Por meio de uma espécie de perversidade seletiva, o impacto da pandemia sobre o mercado de trabalho, ruim para milhões de trabalhadores e suas famílias, tem sido mais intenso e agressivo para determinados grupos. São os jovens e os trabalhadores com ensino médio incompleto.
Os números mostram clara deterioração generalizada do mercado de trabalho. Segundo a Pesquisa Nacional por Amostra de Domicílios (Pnad) Contínua do IBGE, em janeiro havia 86,1 milhões de pessoas ocupadas. É bem mais que o total ocupado em julho do ano passado (80,3 milhões). Mesmo assim, como mostrou estudo do Instituto de Pesquisa Econômica Aplicada (Ipea), “o mercado de trabalho brasileiro segue deteriorado”.
O fato de o total de pessoas ocupadas continuar bem abaixo do registrado antes da pandemia (94 milhões em janeiro de 2020) bastaria para comprovar isso.
A taxa de desocupação de 14,1% já é alta, mas teria sido ainda mais alta se não tivesse ocorrido forte contração da força de trabalho, que recuou 5,4% no último trimestre móvel mostrado pela Pnad. A redução se deveu ao fato de que pessoas que, por algum motivo, não procuraram emprego em determinado período foram retiradas da força de trabalho. Se não tivesse havido essa exclusão, a taxa de desocupação estaria perto de 20%.
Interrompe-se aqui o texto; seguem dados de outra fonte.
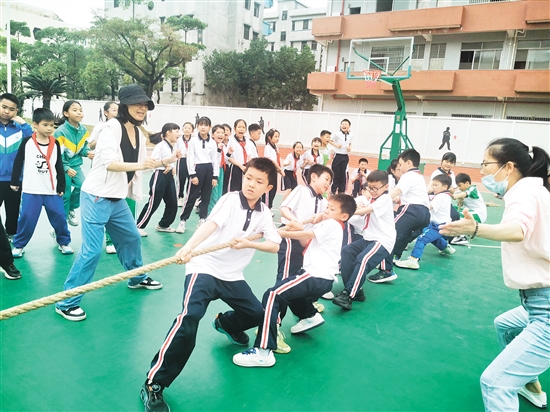 雙方隊(duì)員緊握長繩，齊心協(xié)力，鼓足勁拼命往后拉，全力以赴為班級榮譽(yù)而戰(zhàn)。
Mas há alguns aspectos que mostram também uma deterioração seletiva. Para determinados grupos, o desemprego tem sido mais intenso do que para outros. Não é um fato surpreendente para estatísticos e analistas do mercado de trabalho, mas nem por isso é menos grave.
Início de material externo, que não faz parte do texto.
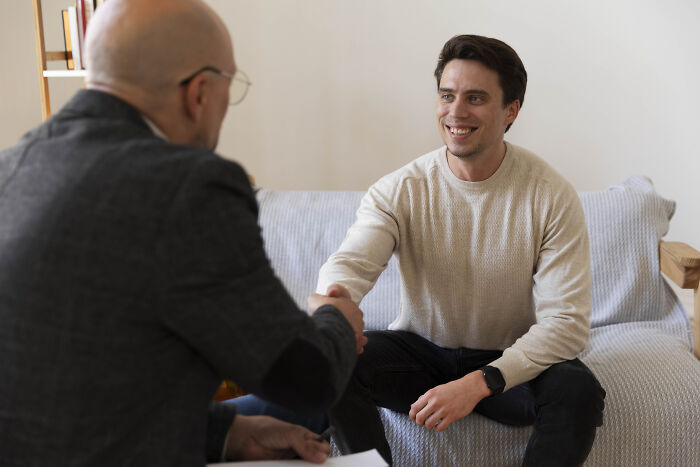 Two men shaking hands in a counseling session, illustrating support for men who lost amazing partners sharing life experiences.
“O impacto da pandemia tem sido mais prejudicial para os indivíduos mais jovens e os menos escolarizados”, diz a técnica do Ipea Maria Andréia Parente Lameiras, autora do estudo. No último trimestre de 2020, a taxa de desocupação dos trabalhadores com idade de 18 a 24 anos alcançou 29,8%, com 4,1 milhões de jovens sem emprego. Entre os trabalhadores com ensino médio incompleto, passou de 18,5% para 23,7% entre os últimos trimestres de 2019 e 2020.
As vagas abertas pela recuperação da economia não deverão ser suficientes para abrigar todos os desempregados e aqueles que, diante das perspectivas, sairão da inatividade e voltarão à força de trabalho. E, mais uma vez, os trabalhadores jovens e com menor escolaridade ficarão para trás.